It really depends on how you drive it and how you test the noise. If you really want to measure the noise of the QA400, you need to terminate the input with the normal source impedance before reading.
Important to note. You CANNOT look at the noise by leaving the input open. If you leave the input open, then you read the full thermal noise of the 1M resistor. Make sure that person terminate the input when reading the noise of the QA400.
The noise is calculate with the parallel combination of the source's output impedance in parallel with the input impedance. The point is if you have 1M resistor for biasing the input, you plug in a device with 1K output impedance, your noise calculation is 1M parallel to 1K which is just 1K. If one found using 1M increases the noise with device plugged in, something is really wrong.

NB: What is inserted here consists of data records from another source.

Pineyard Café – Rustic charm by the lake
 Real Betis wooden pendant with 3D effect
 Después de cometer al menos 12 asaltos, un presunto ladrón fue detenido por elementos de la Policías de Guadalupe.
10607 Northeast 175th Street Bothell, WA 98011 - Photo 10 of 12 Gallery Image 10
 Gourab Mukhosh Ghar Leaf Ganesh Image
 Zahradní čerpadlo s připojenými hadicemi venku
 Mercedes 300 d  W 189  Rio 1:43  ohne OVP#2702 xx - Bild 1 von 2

I don't understand what is Vcom bias arrangement. I don't have the schematic. But I cannot see any reason the input is nothing but a simple voltage buffer driving the ADC. Maybe you can explain a little more on what they are doing.
I design a lot of data acquisition systems, I worked 3 years for LeCroy that produce all sorts of digitizer and digital scope in the 80s. In my experience, the front end is just a simple amplifier ( be that it's high speed or low noise precision) driving the input of the ADC. QA400 uses a JFET input opamp OPA1642. The input resistor just to keep the input at a fixed voltage.
Hardware of this kind of circuit should be very simple and straight forward. It's all on the software control all the function and calculation. That's why people can use any sound card, the Personus or others to do the same thing. The hardware is very simple. You need an ADC to read the signal and have a way to interface into the computer, you are in business.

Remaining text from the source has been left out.